- **About this exercise**
Reproduce verbatim the lines of the material below, starting at the line with "Déjà 68 ans d’électricité nucléaire !" and ending at the line with "Funko pop 1479 : Ichigo (FC2023)", both inclusive; skip the rest.

- **Supplied entries**
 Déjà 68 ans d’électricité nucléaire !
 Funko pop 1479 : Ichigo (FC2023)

* * *

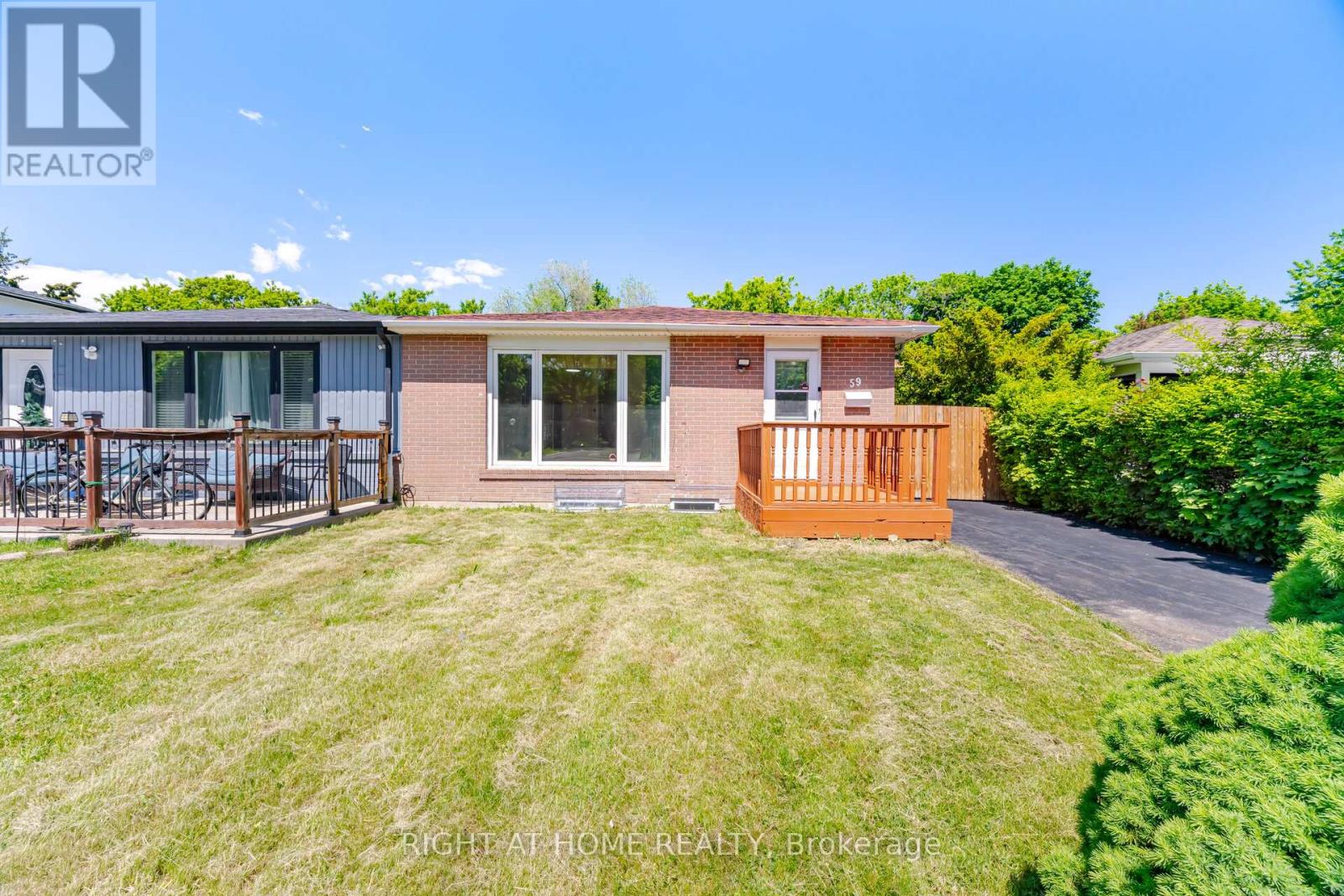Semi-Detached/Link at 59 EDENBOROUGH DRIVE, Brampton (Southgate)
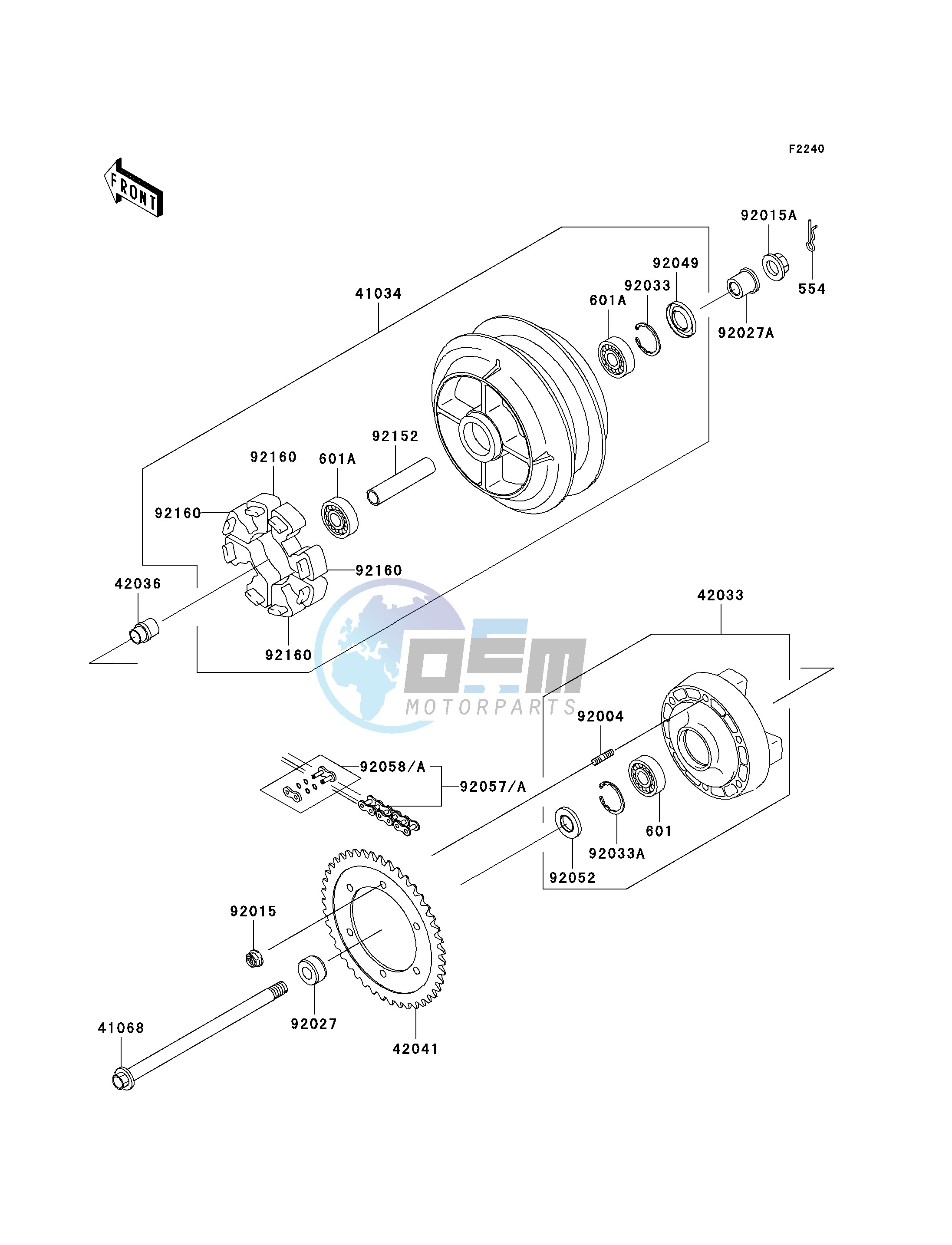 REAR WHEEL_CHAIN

- **Your solution**
 Déjà 68 ans d’électricité nucléaire !
 Funko pop 1479 : Ichigo (FC2023)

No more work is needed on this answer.